### TASK INPUTS
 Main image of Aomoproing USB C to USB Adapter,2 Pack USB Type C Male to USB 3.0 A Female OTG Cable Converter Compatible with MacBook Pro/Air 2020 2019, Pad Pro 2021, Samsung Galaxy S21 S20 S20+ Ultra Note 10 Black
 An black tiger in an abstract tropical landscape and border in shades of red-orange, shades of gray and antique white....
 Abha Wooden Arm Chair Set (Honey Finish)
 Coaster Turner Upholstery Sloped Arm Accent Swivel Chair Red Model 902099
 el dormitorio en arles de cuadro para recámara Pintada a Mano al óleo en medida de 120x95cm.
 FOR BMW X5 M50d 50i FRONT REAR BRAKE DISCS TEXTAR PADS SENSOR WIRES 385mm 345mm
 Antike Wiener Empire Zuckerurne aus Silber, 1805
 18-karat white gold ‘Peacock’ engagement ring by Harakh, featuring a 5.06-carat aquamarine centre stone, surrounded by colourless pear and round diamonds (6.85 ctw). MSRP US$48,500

### TASK ITEM
Every line of the material above that includes the string "Chair" is required.

### EXPECTED ANSWER
 Abha Wooden Arm Chair Set (Honey Finish)
 Coaster Turner Upholstery Sloped Arm Accent Swivel Chair Red Model 902099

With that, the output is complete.